In April 2011, I had been a Lauren’s Hope customer for a while already, and I was excited to share my family’s story on the LH blog. Jenna White interviewed me about my little family, my son’s autism, and why I believe so strongly that children with autism need to wear medical ID jewelry at all times.
In April 2012, my relationship with Lauren’s Hope had grown, and in my first freelance piece writing for the company, I shared why Every Day is Autism Awareness Day when your child has autism.
In April 2013, and on many occasions since moving to Kansas City and becoming the Marketing Manager here at Lauren’s Hope, I’ve blogged and posted and tweeted and generally shouted from the rooftops about autism. To me, getting to help raise awareness of this complicated condition is a serious job perk. It’s something I enjoy helping others do when I interview people for the Lauren’s Hope blog and they tell me about the conditions impacting their lives so we can share those stories here (Tell us yours!) and help raise awareness of the many, many other reasons people wear Lauren’s Hope medical ID jewelry.

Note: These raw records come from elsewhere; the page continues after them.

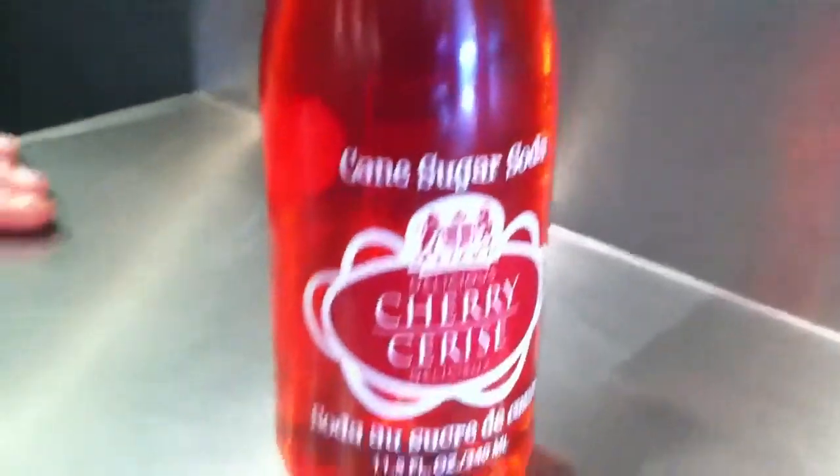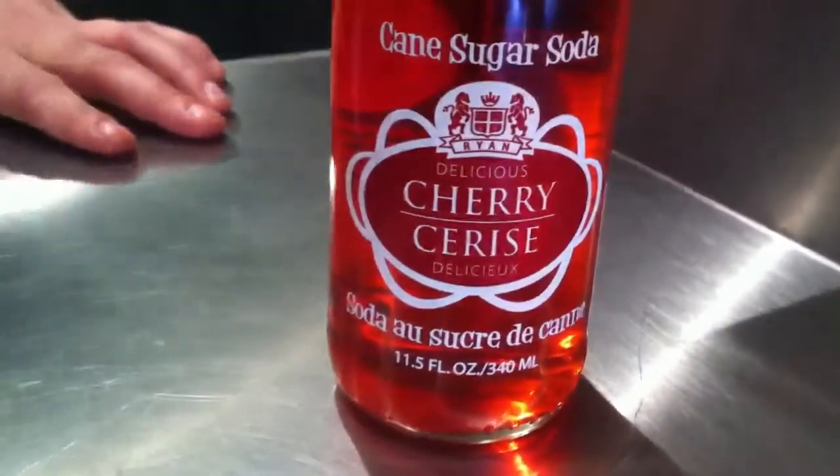One reason they decided to do this was that at the time in 1935, Coke decided to not do any more of their flavored beverages — they were just going to concentrate on cola. So that left the market wide open to do some cherry sodas, orange sodas, lime sodas, grape, all sorts of really cool flavors that weren't being mass-produced by the biggest soda company in the country. So cherry was one of their early flavors.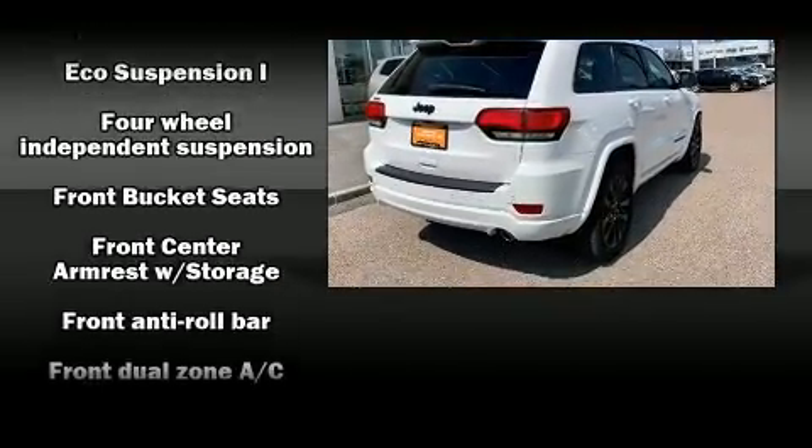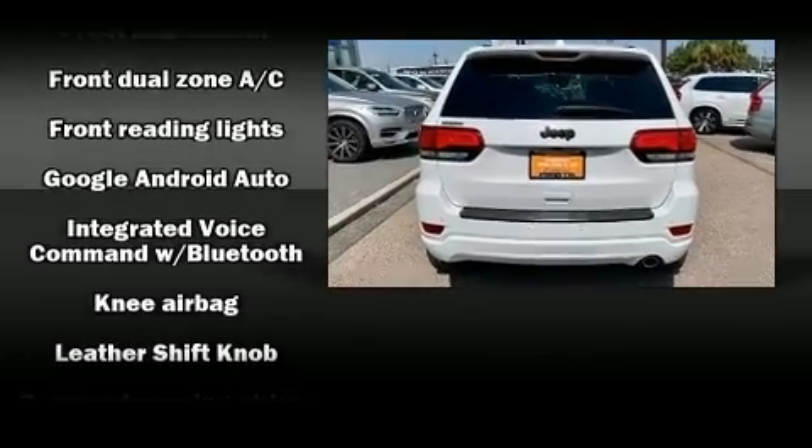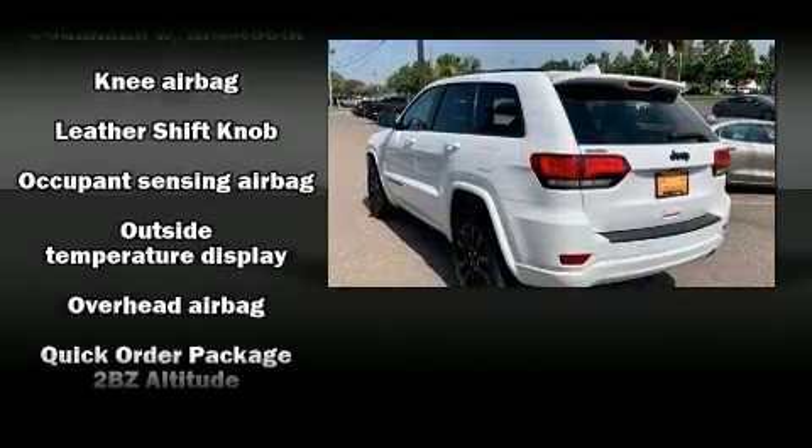The following features are included: front dual zone air conditioning, remote keyless entry, rear wipers, and power windows.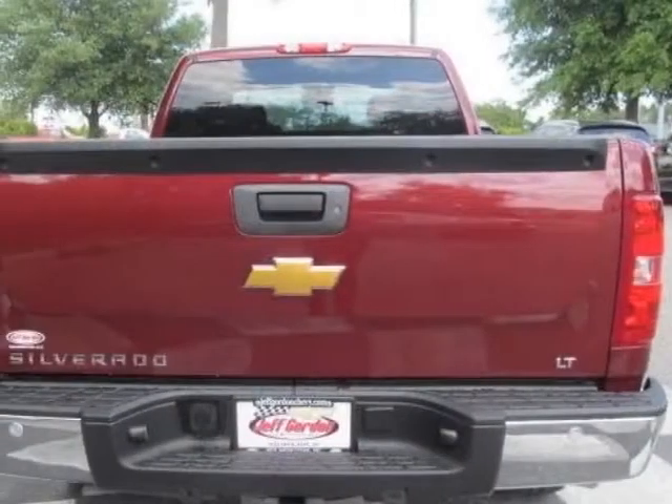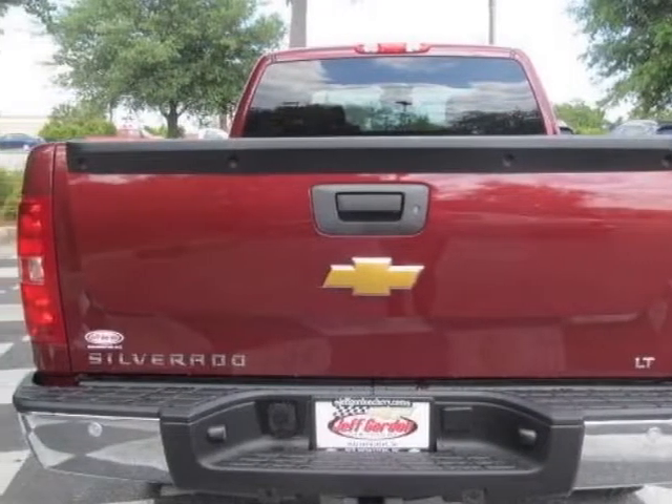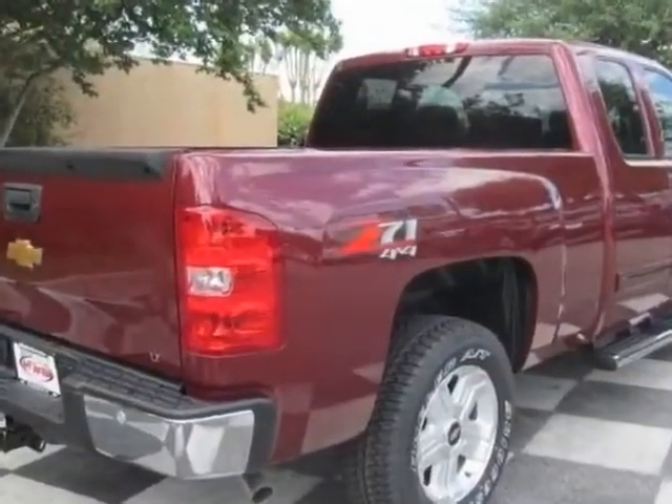This Silverado 1500 boasts a 4.8 liter engine and has a 4-speed automatic transmission.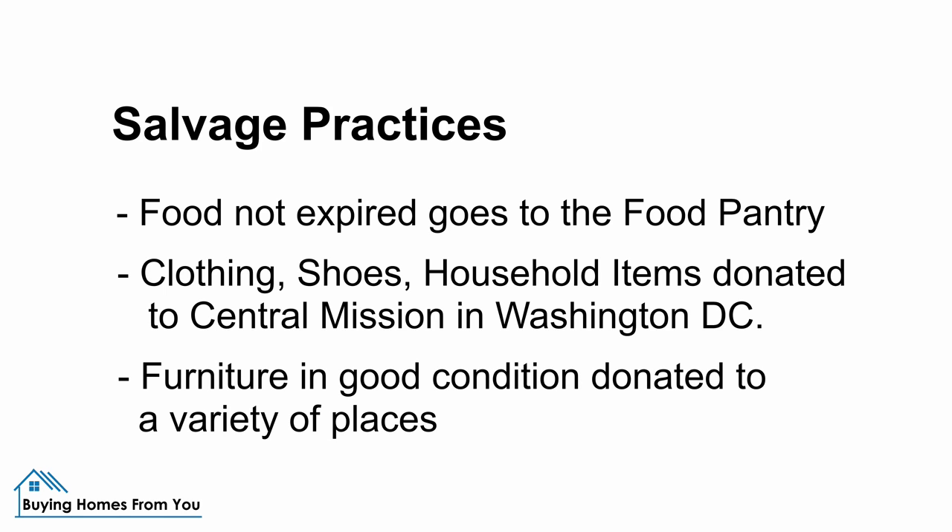If there is furniture that's in good condition, we also donate that to any variety of places. This particular property, the furniture that was here, we took that to the local ReStore and those funds go to help with Habitat for Humanity.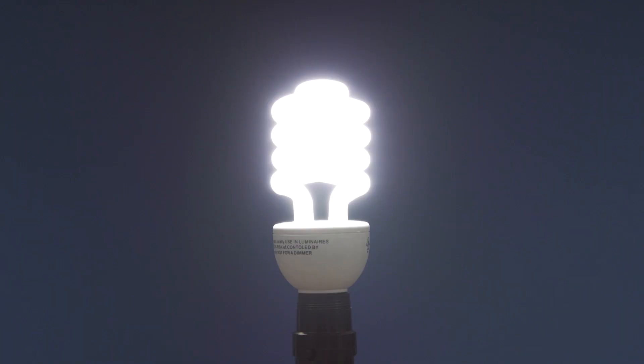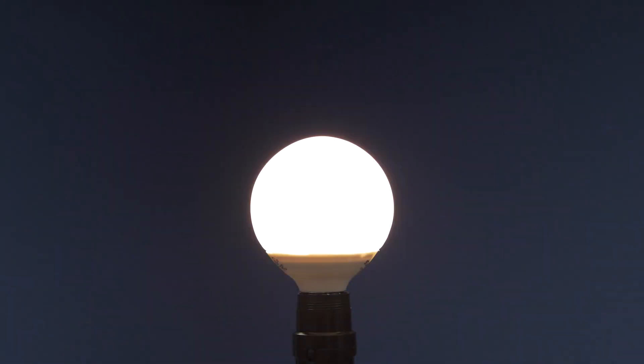Hi, I'm Vance and welcome to SpecSense. If you use the wrong bulb with a dimmer, you might hear a hum or a buzzing noise and the lights may flicker when you try to change the brightness.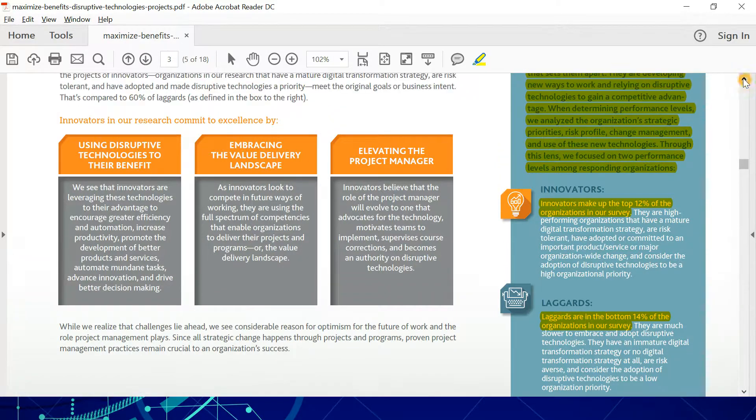Let's talk about three things innovators — the top 12% — do. First, they use disruptive technologies to their benefit. They use the latest technologies available in the market for their own advantage: to encourage greater efficiency and automation, increase productivity, promote the development of better products and services, automate mundane tasks, advance innovation, and drive better decision-making.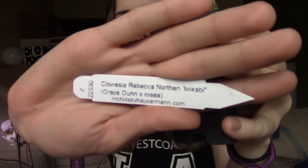Next is Clausia Rebecca Northen Micabi — a cross of Grace Dunn with Rosia. This orchid is super duper healthy. Astrid got another catasetinae-type orchid! I'm still in my first year of growing these, but I'm so excited about them. I really like them because they go dormant in the winter and you can ignore them for several months, and then when they come out of dormancy they start growing so fast you can almost see them growing every day — they're either zero or a hundred. Clausias are really small and are used in the parentage of many catasetinae types to help miniaturize them. I think the Clausia Rebecca Northen Micabi is supposed to have pink flowers and a citrusy fragrance, but we'll see.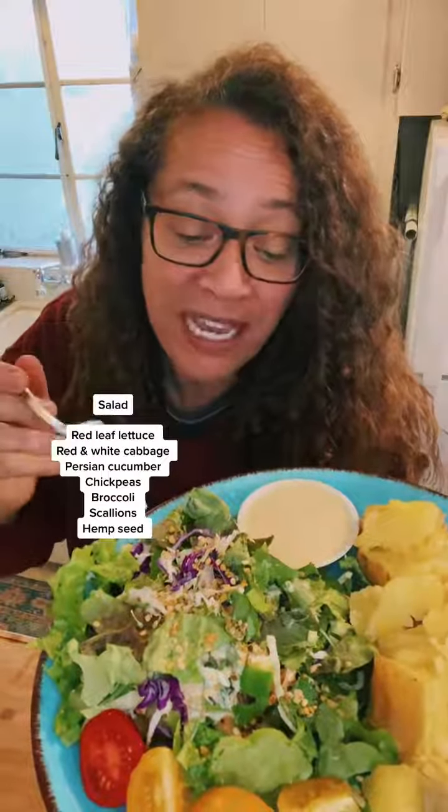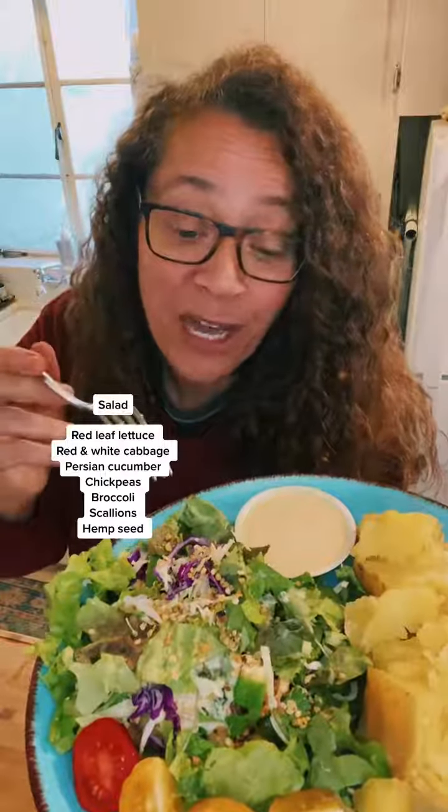And then I have a lovely salad here — red leaf lettuce, red cabbage, white cabbage, scallions, cucumbers, chickpeas, and toasted hemp seed. I've got my delicious tomatoes for some nice lycopene.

Today, as we head into Autism Awareness Month, my mind is not on raising awareness, though. It’s on my son. Because he is not autism. He is not a diagnosis. He is not a condition or a label or an awareness ribbon to stick on my SUV. He is a person. He is my son. And because everyone with autism is someone’s son, someone’s daughter, someone’s precious baby, I’m not going to throw out statistics and warning signs and PC awareness jargon. I’m not going to tell you how to spot autism. I’m not going to tell you what autism is.
I’m going to tell you what autism means.
Autism means that Will is nine years old and yet, my six-year-old daughter, Julia, keeps referring to him as her “little brother” lately, as his differences have become clearer to her, especially now that she is in school and sees that most kids are more like her than they are like him.
Autism means that Will cannot function without an iPod in his hand in 90% of situations. It also means he has no concept of money, a skewed concept of cause and effect, a heavy dose of Obsessive Compulsive Disorder (OCD), and all the frustration that goes along with being mostly non-verbal. So he bangs those iPods on hard surfaces daily, but that’s just what autism means for us.
Autism means that Will experiences and expresses emotion differently. So when my nine-year-old curled up in my lap in December, said, “Moe-mee,” and put his open mouth on my face, I cried joyous tears that he had said, “Mommy” and kissed me. And then sometimes I cry because it hasn’t happened since. But that moment is fixed in my mind, and I will live on it, cling to it, and dream about it in the hopes of it happening again.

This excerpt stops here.